[GIVEN ENTRIES — start]

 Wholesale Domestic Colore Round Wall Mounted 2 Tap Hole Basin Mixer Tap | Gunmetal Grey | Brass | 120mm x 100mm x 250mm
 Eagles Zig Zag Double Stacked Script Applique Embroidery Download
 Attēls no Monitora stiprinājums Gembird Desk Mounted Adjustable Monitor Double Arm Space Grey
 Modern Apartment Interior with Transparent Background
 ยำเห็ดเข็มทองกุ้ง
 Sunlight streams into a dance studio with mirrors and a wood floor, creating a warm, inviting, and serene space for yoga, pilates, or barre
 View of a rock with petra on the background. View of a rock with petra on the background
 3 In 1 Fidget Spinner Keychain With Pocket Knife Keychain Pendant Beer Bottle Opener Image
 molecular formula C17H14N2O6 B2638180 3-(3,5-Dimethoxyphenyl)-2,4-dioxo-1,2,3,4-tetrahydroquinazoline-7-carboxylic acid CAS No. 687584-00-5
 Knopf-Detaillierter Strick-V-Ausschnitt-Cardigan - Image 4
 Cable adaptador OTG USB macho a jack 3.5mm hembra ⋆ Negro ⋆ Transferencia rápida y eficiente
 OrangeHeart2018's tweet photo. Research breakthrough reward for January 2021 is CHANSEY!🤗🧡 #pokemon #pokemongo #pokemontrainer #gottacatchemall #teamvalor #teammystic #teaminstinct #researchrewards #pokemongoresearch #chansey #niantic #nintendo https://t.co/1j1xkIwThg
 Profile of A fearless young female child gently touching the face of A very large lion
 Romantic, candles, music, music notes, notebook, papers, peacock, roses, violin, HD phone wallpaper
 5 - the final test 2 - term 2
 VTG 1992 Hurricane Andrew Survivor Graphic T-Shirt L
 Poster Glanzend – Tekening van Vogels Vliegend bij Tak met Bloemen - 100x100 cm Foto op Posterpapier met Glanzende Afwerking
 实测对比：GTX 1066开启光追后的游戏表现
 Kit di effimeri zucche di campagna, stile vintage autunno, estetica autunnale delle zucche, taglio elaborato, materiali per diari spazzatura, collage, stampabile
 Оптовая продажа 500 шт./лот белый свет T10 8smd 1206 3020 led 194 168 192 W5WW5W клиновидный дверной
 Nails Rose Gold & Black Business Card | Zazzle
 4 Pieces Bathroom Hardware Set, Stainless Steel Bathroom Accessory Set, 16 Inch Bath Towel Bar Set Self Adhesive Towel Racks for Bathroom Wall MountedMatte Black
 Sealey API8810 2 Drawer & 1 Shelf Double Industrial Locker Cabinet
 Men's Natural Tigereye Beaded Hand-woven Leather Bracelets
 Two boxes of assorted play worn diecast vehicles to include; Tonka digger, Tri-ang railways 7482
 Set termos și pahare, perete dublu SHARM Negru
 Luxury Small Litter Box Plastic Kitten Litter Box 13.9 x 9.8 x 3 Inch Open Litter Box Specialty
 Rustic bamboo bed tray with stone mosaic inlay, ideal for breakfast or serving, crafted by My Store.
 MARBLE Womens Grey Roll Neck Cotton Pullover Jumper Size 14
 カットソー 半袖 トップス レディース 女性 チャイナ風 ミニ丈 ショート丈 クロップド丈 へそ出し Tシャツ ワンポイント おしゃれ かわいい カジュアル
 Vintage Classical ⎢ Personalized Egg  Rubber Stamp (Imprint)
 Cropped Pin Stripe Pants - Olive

[GIVEN ENTRIES — finish]

● INSTRUCTIONS FOR THE TASK: Find the word "Grey" in the listing above, then copy each line where it turns up.

● PROBLEM SOLUTION:
 Wholesale Domestic Colore Round Wall Mounted 2 Tap Hole Basin Mixer Tap | Gunmetal Grey | Brass | 120mm x 100mm x 250mm
 Attēls no Monitora stiprinājums Gembird Desk Mounted Adjustable Monitor Double Arm Space Grey
 MARBLE Womens Grey Roll Neck Cotton Pullover Jumper Size 14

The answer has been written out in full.